"""

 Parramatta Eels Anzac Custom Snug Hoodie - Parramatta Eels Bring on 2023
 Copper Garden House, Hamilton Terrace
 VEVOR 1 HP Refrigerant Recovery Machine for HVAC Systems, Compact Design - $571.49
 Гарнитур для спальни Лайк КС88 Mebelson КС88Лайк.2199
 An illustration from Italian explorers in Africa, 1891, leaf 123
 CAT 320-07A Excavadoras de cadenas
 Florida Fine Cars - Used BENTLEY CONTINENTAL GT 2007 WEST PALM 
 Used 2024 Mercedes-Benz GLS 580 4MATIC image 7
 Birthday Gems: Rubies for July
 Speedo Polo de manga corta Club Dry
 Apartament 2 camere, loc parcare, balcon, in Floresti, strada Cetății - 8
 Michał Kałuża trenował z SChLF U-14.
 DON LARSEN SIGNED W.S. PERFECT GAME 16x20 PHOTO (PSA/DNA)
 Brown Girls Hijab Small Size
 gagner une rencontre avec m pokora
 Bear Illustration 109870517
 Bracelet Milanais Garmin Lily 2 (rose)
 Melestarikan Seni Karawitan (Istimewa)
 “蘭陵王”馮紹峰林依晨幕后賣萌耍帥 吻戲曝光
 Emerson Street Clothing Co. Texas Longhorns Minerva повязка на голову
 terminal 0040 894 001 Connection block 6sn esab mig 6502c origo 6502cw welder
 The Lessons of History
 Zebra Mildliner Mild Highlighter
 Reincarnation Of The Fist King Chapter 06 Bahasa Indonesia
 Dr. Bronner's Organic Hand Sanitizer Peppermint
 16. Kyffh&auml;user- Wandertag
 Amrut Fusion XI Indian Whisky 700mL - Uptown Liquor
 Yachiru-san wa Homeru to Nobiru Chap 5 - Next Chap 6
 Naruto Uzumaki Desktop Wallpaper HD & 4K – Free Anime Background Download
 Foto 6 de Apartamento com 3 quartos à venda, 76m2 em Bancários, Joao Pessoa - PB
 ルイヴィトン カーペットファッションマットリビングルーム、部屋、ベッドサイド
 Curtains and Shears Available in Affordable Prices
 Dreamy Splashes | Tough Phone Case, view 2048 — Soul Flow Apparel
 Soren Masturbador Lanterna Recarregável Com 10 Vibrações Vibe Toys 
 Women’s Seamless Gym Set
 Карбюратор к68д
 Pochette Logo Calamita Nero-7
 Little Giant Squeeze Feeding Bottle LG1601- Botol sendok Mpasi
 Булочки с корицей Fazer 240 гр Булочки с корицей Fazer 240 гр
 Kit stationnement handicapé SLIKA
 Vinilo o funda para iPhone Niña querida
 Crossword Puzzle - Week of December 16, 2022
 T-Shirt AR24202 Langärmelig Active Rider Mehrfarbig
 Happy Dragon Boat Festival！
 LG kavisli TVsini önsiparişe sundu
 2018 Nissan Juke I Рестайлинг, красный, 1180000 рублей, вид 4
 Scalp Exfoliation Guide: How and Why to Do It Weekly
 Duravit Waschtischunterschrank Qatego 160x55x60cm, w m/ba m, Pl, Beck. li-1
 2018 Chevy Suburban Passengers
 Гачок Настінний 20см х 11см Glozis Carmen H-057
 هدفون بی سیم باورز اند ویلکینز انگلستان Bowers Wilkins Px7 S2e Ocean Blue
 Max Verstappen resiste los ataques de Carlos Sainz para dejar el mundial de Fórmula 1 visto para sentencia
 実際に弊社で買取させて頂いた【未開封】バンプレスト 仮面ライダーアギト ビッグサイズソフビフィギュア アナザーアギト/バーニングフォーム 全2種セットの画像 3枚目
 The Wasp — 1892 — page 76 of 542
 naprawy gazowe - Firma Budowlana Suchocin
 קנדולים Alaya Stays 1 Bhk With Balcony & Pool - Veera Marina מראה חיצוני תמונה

"""

Task description: Wherever the word "para" turns up in the material, copy the whole line.

Output of the task:
 Vinilo o funda para iPhone Niña querida
 Max Verstappen resiste los ataques de Carlos Sainz para dejar el mundial de Fórmula 1 visto para sentencia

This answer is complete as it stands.